I have memories of cities like memories of love

What is there to say?

Sometimes it comes to me

At night, I dream that I am here or there…

-Valery Larband

Paris 2011

“It’s a classic fear,” Thomas says “I don’t want to fall in love. We have difficulty with having long lasting romantic relationships,”

“How long is a long lasting relationship?” Jack asks

“I’m talking 6 months, 2, 3 years…the ability to think ahead…” Thomas responds

“Do you know the movie L’Amour de 3 Ans?” Jack asks

“No,”

“Oh? Well, that’s a piece of French culture for you.”

“Okay, I’m going to have to rent that,” Renata says

“I do have a lot of ex diplomat friends who…however long their parents stayed somewhere that’s how long their relationships last. I have a friend, she is the 3 year girl. Her relationships only last that long,”

Everyone laughs

“No but it’s scary! It’s ridiculous. She actually had a guy who proposed marriage twice and both times she said no because she could not…uh…anticipate…she’ll find some defect and she’ll just leave the guy. She doesn’t even realize it. If I tell her she’ll just dismiss you completely.”

“I never had a problem with commitment,” Violet says as if it’s only dawning on her. “I would even say that people found me too intense and so backed off. Not committing has been the hardest part of my childhood. I wasn’t made for it. I don’t think humans are, we’re not wired for it,”

“My country, Venezuela, went haywire at the same time as my parents decided to split up. They didn’t realize how to manage it so I was basically supporting my parents. They didn’t realize that the only thing I had was a family unit so for me it was more important than ever for them, for us, to stay together. There’s a lot of things they did not do so I think if you’re a responsible parent the upbringing can be a very positive thing. All the crazy cases, the complete failures are usually the ones where the parent did not realize what the kid was going through and that is so important,”

“And there is such an irony there,” Violet says

Ana understands straight away.

“A complete irony,”

“What do you mean?” the others ask

“Well, in my case UN workers, they spend all their time caring for other people but charity never begins at home,” Violet says

“My mother once insulted me, calling me apatride,

“What does it mean?” Violet asks

“Stateless, and I actually feel that way more than anything else. And she was…is a diplomat and in her line of work it’s really bad to be that way. As you say UN workers, they do everything possible to help people out of such states but…”she shrugs again

“Why would a mother say such a thing to their child?”
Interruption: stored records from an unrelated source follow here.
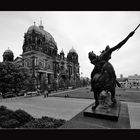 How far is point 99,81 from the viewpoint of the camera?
212 inches

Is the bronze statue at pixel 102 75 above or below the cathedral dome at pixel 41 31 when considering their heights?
below

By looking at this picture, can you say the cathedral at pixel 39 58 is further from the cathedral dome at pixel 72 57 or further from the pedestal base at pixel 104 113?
the pedestal base at pixel 104 113

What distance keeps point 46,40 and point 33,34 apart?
12850mm

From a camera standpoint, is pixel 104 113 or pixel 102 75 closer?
pixel 104 113

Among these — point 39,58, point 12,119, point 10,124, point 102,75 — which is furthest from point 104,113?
point 39,58

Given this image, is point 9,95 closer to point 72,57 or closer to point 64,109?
point 64,109

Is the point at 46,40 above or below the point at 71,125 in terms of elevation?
above

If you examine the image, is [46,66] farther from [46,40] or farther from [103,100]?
[103,100]

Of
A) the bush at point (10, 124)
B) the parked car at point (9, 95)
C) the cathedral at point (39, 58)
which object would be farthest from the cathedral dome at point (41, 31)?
the bush at point (10, 124)

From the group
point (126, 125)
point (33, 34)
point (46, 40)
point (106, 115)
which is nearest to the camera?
point (126, 125)

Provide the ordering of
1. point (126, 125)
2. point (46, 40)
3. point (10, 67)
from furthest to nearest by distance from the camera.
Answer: point (46, 40) < point (10, 67) < point (126, 125)

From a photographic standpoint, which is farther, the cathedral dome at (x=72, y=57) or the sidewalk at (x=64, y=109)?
the cathedral dome at (x=72, y=57)

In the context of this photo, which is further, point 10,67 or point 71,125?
point 10,67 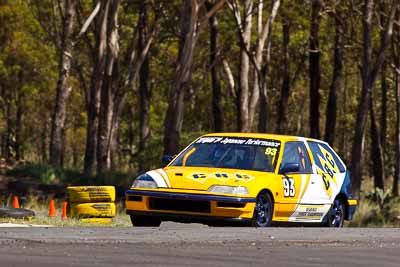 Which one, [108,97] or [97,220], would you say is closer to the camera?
[97,220]

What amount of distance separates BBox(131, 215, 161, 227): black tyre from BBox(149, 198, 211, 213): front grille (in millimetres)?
339

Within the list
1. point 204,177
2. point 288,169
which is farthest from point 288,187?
Result: point 204,177

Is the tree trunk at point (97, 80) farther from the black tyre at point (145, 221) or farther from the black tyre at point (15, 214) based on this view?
the black tyre at point (145, 221)

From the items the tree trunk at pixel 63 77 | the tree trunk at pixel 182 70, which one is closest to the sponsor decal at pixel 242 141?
the tree trunk at pixel 182 70

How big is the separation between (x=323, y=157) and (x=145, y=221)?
132 inches

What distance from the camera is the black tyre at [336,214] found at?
17953mm

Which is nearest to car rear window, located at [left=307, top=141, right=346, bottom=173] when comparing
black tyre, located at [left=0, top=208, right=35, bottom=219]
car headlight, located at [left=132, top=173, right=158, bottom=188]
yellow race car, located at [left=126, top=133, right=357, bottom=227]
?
yellow race car, located at [left=126, top=133, right=357, bottom=227]

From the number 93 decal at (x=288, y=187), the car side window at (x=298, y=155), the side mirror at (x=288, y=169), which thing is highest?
the car side window at (x=298, y=155)

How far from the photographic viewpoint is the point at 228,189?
1583cm

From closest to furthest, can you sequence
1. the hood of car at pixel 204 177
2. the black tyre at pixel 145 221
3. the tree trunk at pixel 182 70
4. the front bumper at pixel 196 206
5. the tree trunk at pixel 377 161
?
1. the front bumper at pixel 196 206
2. the hood of car at pixel 204 177
3. the black tyre at pixel 145 221
4. the tree trunk at pixel 182 70
5. the tree trunk at pixel 377 161

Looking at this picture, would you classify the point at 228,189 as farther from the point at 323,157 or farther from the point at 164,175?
the point at 323,157

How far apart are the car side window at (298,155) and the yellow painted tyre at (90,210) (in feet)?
13.8

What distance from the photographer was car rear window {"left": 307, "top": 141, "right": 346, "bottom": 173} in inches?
714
“I don’t know. I remember thinking it was like she was telling me I had black hair. I know! I know I’m apatride!”

“I think I have a very different opinion to most people here,” Phi says, who had been listening closely all along. “I spent nearly 10 years in Mauritania and what was very strange for me is that I saw a lot of people moving in and out of the country and I was losing friends and I couldn’t get hold of people. The only thing I could get hold of was my family and we spent a lot of time together, I had 3 siblings. That counts for a lot. I lost people but I always had my brothers and sisters and I would spend a lot of time with them. But then my parents decided that we all had to do high school back in France but they would still remain in Africa  and so they sent us there one after the other. So, we had to start building something else. Okay, you know your brother or sister is still there but you don’t see them for 6 months to a year. I wouldn’t see my sisters for all that time,”

“The only thing I’d say… is it good to only have your family? And then have that as well slowly splinter?” Violet says

“You are all too young for me to share my age,” Jack says, smiling, ” but transitioning to adulthood was the biggest blow. For me it came together with repatriation, as for many of us, so I’m still struggling to make out what was transition to adulthood and what belonged to the cultural and climate shock. More generally, my feeling about becoming an adult is one of going downhill. I used to live in great places, go swimming in Lake Tanganiyika on weekends, watch the hippos from the window of the restaurant we used to have lunch at on Sundays just by the lake, I had the green hills of Africa, a ceiling of stars after the sun had set over the mountains of Zaïre… I had my car, I mean, my Mom’s car, but since I had passed my licence she hardly ever drove it, I had lots of friends, and when we would get together we looked like a Benetton advertisement : we were French, German, Greek, Japanese, Haitian, American, Canadian, Chilean, Belgian, lots of children from “interracial” couples. I still have trouble using this word, I basically discovered the term when I moved to Europe… I could go on much longer about this. So that was my former life, and all of a sudden, here I was in cold and unfriendly Europe, and I was one student among so many others. No car, the money I had in my pocket did no longer represent several months of a local worker’s salary, and above all, it was cold, so, soooooo cold. I spent my first winter running from one heated place to another. As Violet, all of my friends were international students, I didn’t have much in common with the French. Yes, that’s what the transition to adulthood felt like : decline. I used to have a great life, and suddenly I had a shitty life. Sometimes, when I’m stuck in traffic, I still wonder how the hell I ended up here. The scooter, and then the motorbike somehow were a great step in my “reconquista” of a decent life. Having no boss other than my own clients was also a big one. Looks like I’m progressing towards adulthood, eventually, at age 41. There, I said it!”

Note: This is actual transcription from a meeting I had with mostly French citizens who had grown up like me internationally. They were the children of diplomats, businessmen, scientists and civil engineers. I decided not to use it for my novel but as I was editing it I felt compelled to share their voices.